== Exercise materials ==
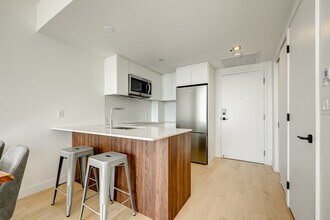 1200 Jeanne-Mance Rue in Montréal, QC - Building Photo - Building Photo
===
== Exercise materials ==
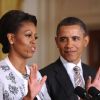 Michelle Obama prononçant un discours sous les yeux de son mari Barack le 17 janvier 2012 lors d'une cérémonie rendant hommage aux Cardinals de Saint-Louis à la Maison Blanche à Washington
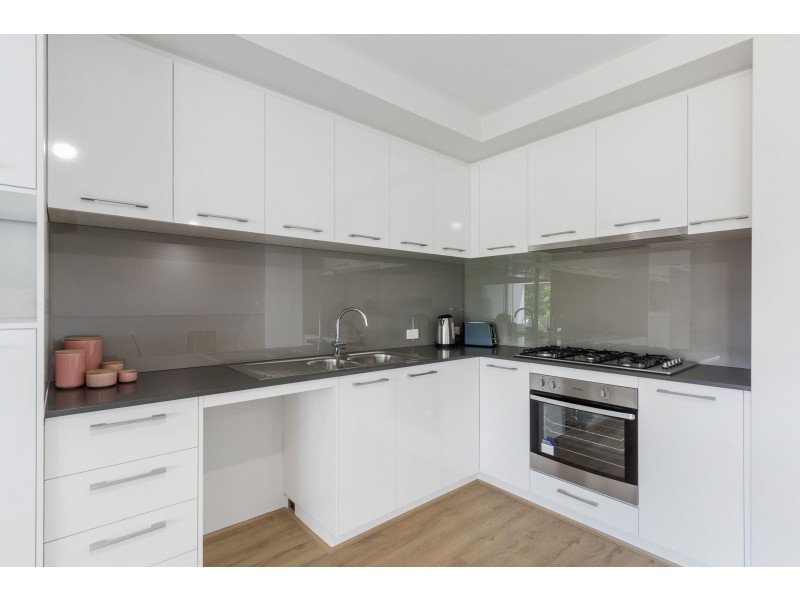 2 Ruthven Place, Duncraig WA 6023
===
Give back, exactly and without pictures, the stretch of the records above from the line containing "Michelle Obama prononçant" through the line containing "2 Ruthven Place, Duncraig WA 6023", with both end lines included.

 Michelle Obama prononçant un discours sous les yeux de son mari Barack le 17 janvier 2012 lors d'une cérémonie rendant hommage aux Cardinals de Saint-Louis à la Maison Blanche à Washington
 2 Ruthven Place, Duncraig WA 6023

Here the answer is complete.